(Data entries)
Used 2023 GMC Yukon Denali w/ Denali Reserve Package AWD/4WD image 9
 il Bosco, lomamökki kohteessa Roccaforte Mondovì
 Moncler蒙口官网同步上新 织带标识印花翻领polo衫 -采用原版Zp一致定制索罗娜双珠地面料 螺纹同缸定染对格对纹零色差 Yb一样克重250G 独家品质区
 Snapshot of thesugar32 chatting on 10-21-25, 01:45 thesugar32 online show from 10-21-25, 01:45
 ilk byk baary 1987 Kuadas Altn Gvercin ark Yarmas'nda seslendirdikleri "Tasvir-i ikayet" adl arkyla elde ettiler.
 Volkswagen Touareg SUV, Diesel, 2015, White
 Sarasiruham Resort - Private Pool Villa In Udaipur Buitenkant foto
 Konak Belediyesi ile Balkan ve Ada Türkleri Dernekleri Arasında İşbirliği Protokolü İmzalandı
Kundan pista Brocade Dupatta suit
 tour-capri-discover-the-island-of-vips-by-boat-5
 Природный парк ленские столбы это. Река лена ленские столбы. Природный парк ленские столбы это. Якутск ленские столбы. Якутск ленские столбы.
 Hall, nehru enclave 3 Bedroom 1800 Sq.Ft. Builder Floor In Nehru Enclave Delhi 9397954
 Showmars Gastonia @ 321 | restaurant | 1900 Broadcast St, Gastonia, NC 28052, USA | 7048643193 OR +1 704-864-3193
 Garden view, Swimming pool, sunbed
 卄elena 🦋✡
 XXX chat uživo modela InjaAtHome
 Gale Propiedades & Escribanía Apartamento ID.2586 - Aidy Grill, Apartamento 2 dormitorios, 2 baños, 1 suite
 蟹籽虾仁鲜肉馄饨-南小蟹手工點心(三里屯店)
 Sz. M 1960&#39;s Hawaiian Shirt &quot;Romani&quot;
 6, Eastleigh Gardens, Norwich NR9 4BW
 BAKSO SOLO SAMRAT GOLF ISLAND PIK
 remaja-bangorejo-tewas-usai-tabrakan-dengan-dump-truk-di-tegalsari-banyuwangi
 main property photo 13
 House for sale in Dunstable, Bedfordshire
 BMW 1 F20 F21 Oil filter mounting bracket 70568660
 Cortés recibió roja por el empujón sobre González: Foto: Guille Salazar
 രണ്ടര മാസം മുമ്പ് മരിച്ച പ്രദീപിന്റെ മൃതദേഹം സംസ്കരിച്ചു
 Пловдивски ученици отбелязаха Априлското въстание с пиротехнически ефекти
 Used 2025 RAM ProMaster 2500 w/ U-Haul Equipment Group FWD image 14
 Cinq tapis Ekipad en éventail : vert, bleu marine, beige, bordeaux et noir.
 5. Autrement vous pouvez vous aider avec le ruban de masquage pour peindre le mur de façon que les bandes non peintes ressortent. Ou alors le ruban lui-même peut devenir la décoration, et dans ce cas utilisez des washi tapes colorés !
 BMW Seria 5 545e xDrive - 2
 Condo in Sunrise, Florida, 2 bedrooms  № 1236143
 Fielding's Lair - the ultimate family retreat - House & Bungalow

[DIRECTIONS FOR THIS TASK]: The lines to output run from the one containing "Cortés recibió roja" to the last line of the entries; give them back exactly.

[TASK RESULT]:
 Cortés recibió roja por el empujón sobre González: Foto: Guille Salazar
 രണ്ടര മാസം മുമ്പ് മരിച്ച പ്രദീപിന്റെ മൃതദേഹം സംസ്കരിച്ചു
 Пловдивски ученици отбелязаха Априлското въстание с пиротехнически ефекти
 Used 2025 RAM ProMaster 2500 w/ U-Haul Equipment Group FWD image 14
 Cinq tapis Ekipad en éventail : vert, bleu marine, beige, bordeaux et noir.
 5. Autrement vous pouvez vous aider avec le ruban de masquage pour peindre le mur de façon que les bandes non peintes ressortent. Ou alors le ruban lui-même peut devenir la décoration, et dans ce cas utilisez des washi tapes colorés !
 BMW Seria 5 545e xDrive - 2
 Condo in Sunrise, Florida, 2 bedrooms  № 1236143
 Fielding's Lair - the ultimate family retreat - House & Bungalow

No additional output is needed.